Tuesday, September 26, 2017

Why British students are heading to America for an elite education

At this time of year my Instagram feed fills up with pictures of tearful parents dropping their kids off at university. This would seem normal – if the location didn’t say USA. When my youngest headed to Yale four years ago, he was considered an adventurer. Since then, there has been a 31 per cent increase in British students applying to US colleges: 11,600 British students are now there, according to the Fulbright Commission, which fosters educational exchange between the UK and US.

Up to half of students at Westminster and St Paul’s apply – 41 students from the latter received offers this year. That number is growing thanks to the 600 American universities that offer generous financial scholarships to international students, covering not only the fees, room and board in full but also flights home, laptops and even phone bills. This would be worth in excess of £220,000 per student, says Rowena Boddington, director of advising and marketing at the Fulbright Commission. Its USA College Day – where 150 American universities, including Ivy League institutions, are represented – is held in London on Sept 29 and 30.

Last year queues formed around the corner.  My son’s interest in America was the result of spending summers there – not to mention reading The Great Gatsby. He didn’t want to limit himself to one subject, as the English system stipulates; he wanted to try something new. He is due to graduate next summer with a creative writing major.  “I see our children as the new colonials,” says journalist Deirdre Fernand, whose son Ben won a Hesburgh-Yusko scholarship worth several hundreds of thousands of pounds to Notre Dame, a second-tier college in Indiana with a top ranked football team and hefty endowment. “We used to put them on boats. Now we put them on planes and wave goodbye.”

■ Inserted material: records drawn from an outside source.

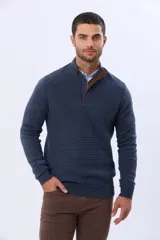 Buzo de punto color beige, con cuello alto y cierre frontal con cremallera y solapa de gamuza con botón. Presenta un tejido texturizado en el cuerpo y mangas lisas.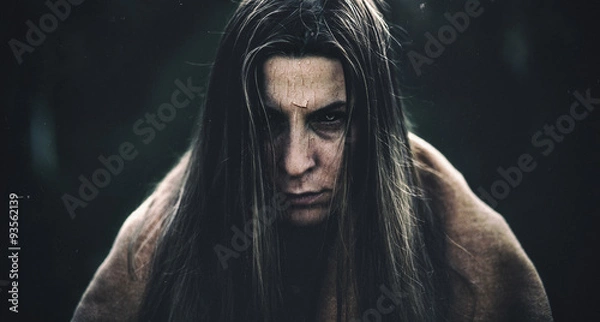 Obraz Dark halloween portrait of a girl with cracked skin and black eyes. Photo has added grain and other effects to look more realistic.
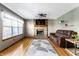 Cozy living room features a brick fireplace, plush brown couch, and a decorative area rug on hardwood floors at 1228 Knapps Ct, Greenwood, IN 46142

Having spent a few years in the US herself as the daughter of an academic, Fernand knew that American universities were generous. “Notre Dame has $10 billion to spend. That’s more than some of the Ivys,” she says. Ben is due to graduate next summer with a degree in finance and Spanish.  American universities are gaining ground rapidly among British students for two reasons. The first is financial: though Ivy League fees are eye-watering – Harvard costs $63,000 (£46,000) per year including room and board – they travel the world looking for talented students (whom they lure with lucrative offers).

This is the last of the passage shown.